▸ YOUR TASK: Please set down each record exactly as it appears, but leave out any pictures.

▸ MATERIAL PROVIDED:
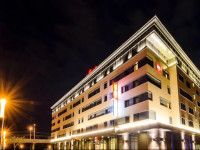 Ibis Kaliningrad Center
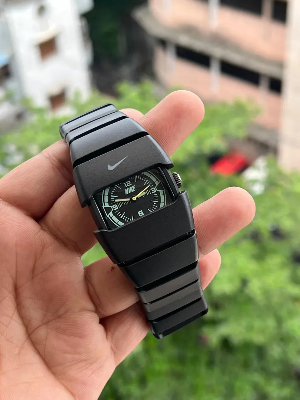 Picture of RC Nikee Chain Watch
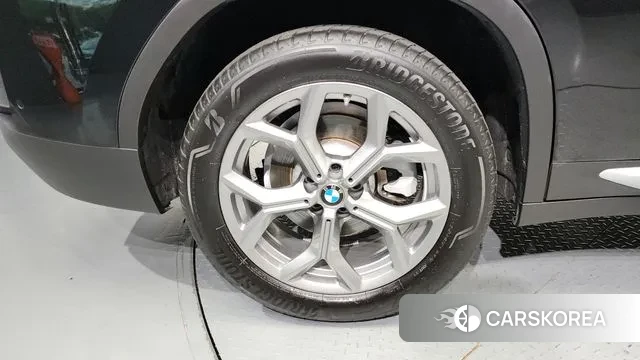 BMW X4 (G02) id 3015939 из Кореи 15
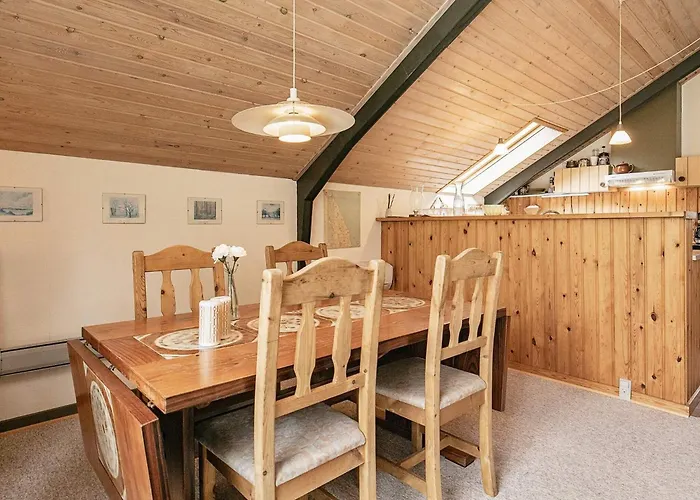 5 Person In Martofte-by Traum Ferienhaus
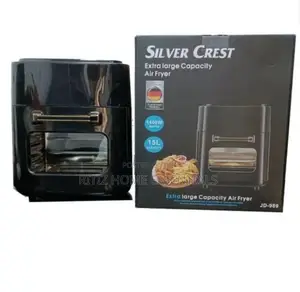 15 Litres Silvercrest Airfryer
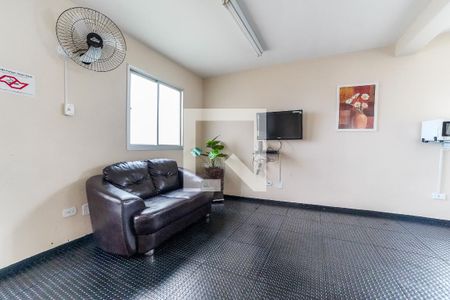 Apartamento à venda com 62m², 3 quartos e 1 vagaÁrea Comum 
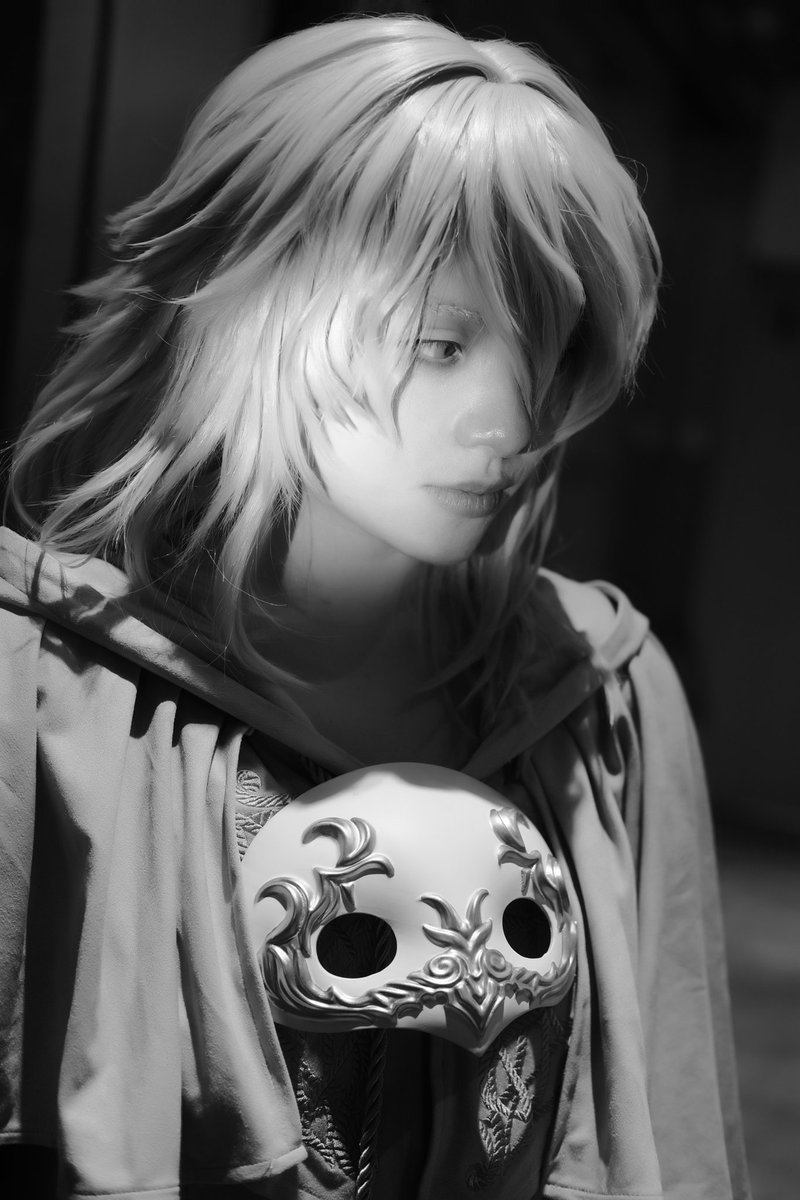 _CoinSong_'s tweet image. #FFXIV 
#CPSP
#cosplay 
#Themis 
#テミス
#Elidibus
coser：me
📷：@Mizuki_han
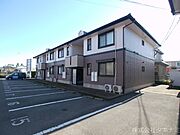 メゾン・パークス D棟 1階 築30年3ヶ月の賃貸物件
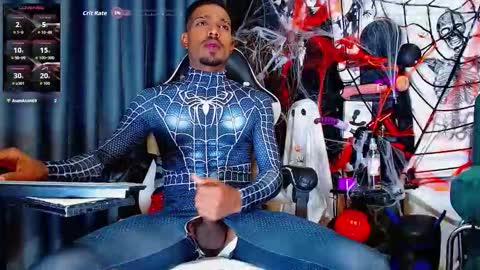 Snapshot of the_dog_lian chatting on October 30, 12:28 pm the dog lian online show from October 30, 12:28 pm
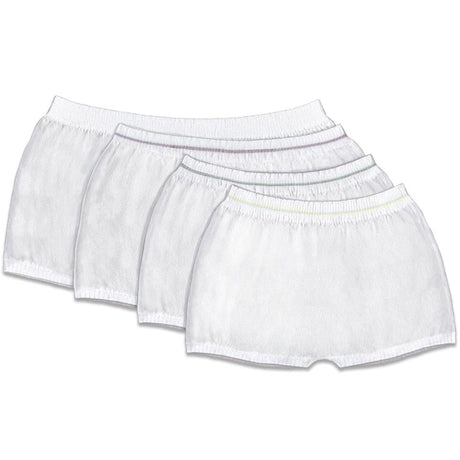 Image of Cardinal Health, Incontinence Knit Pants, Wings™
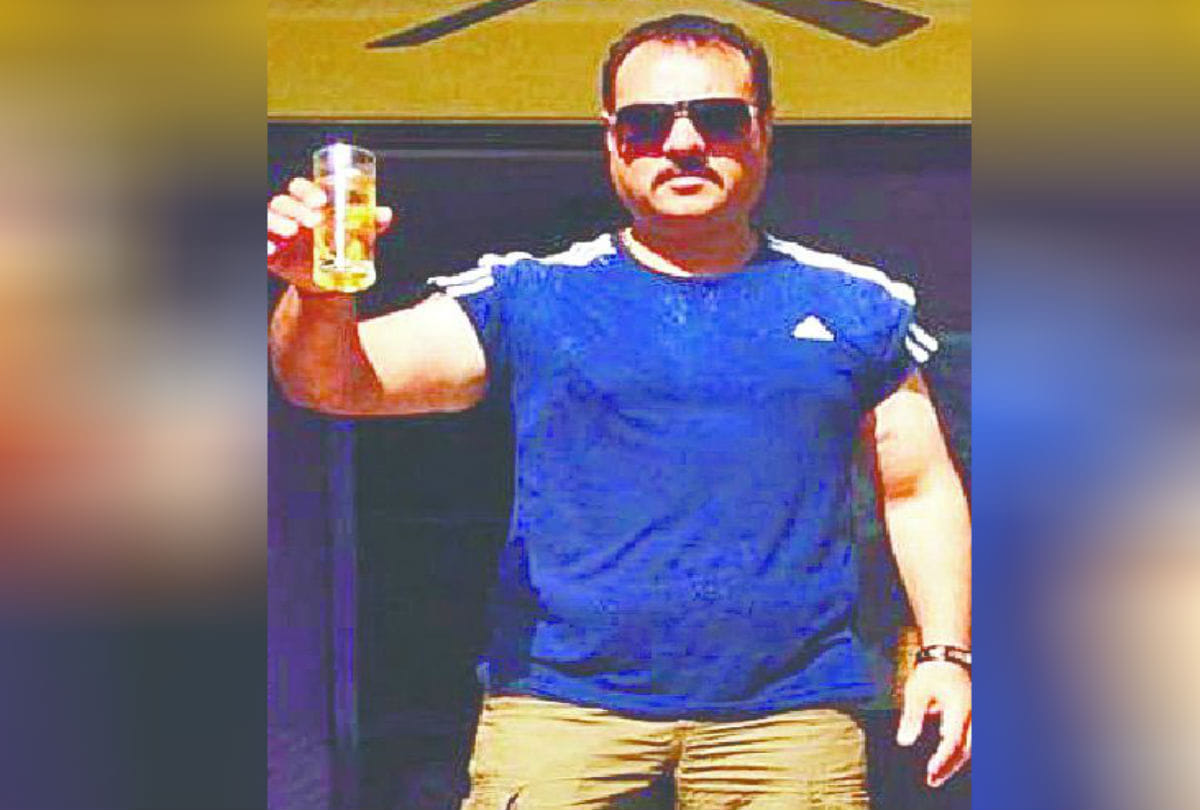 Police Arrested Cloth merchant Murderer in Agra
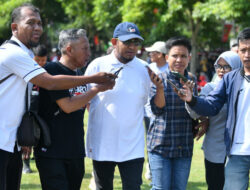 Bupati Fauzi: Layanan Publik Berkualitas Wujud Kemerdekaan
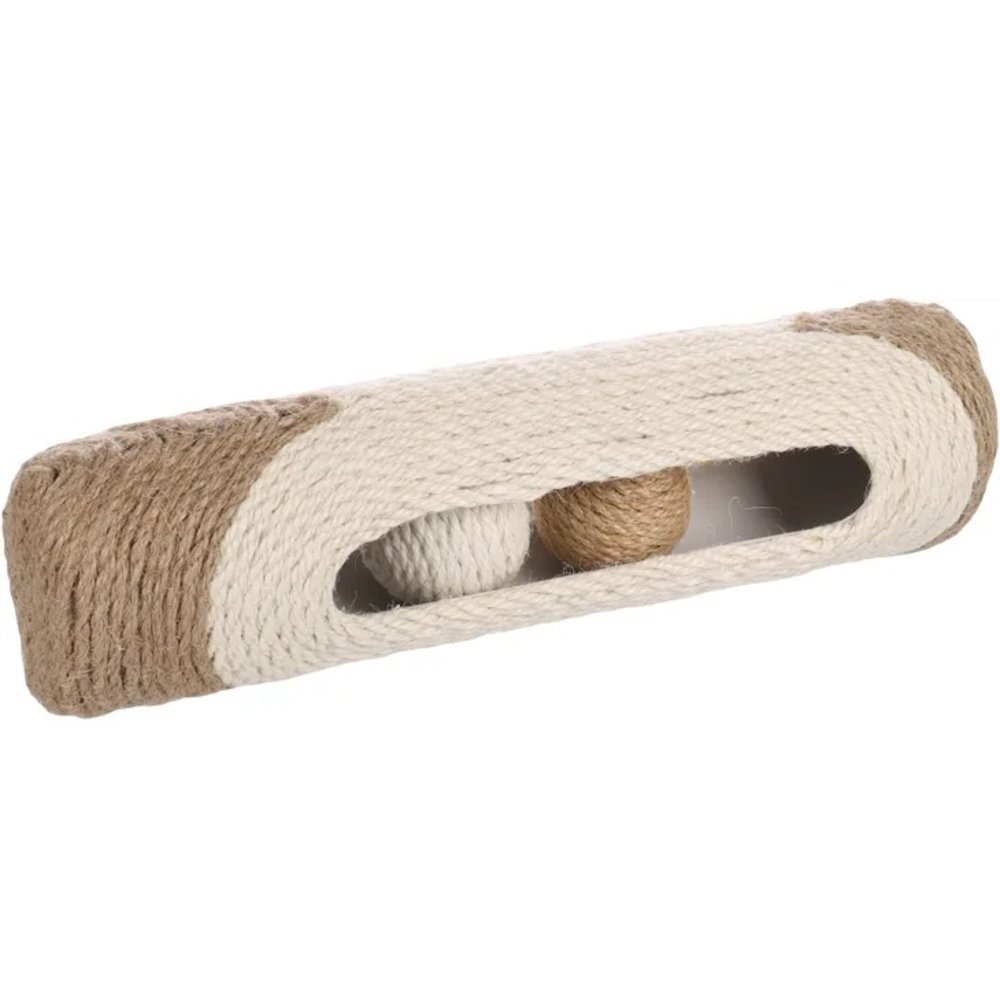 Flamingo Katten Speelrol Sisal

▸ ANSWER:
 Ibis Kaliningrad Center
 Picture of RC Nikee Chain Watch
 BMW X4 (G02) id 3015939 из Кореи 15
 5 Person In Martofte-by Traum Ferienhaus
 15 Litres Silvercrest Airfryer
 Apartamento à venda com 62m², 3 quartos e 1 vagaÁrea Comum 
 _CoinSong_'s tweet image. #FFXIV 
#CPSP
#cosplay 
#Themis 
#テミス
#Elidibus
coser：me
📷：@Mizuki_han
 メゾン・パークス D棟 1階 築30年3ヶ月の賃貸物件
 Snapshot of the_dog_lian chatting on October 30, 12:28 pm the dog lian online show from October 30, 12:28 pm
 Image of Cardinal Health, Incontinence Knit Pants, Wings™
 Police Arrested Cloth merchant Murderer in Agra
 Bupati Fauzi: Layanan Publik Berkualitas Wujud Kemerdekaan
 Flamingo Katten Speelrol Sisal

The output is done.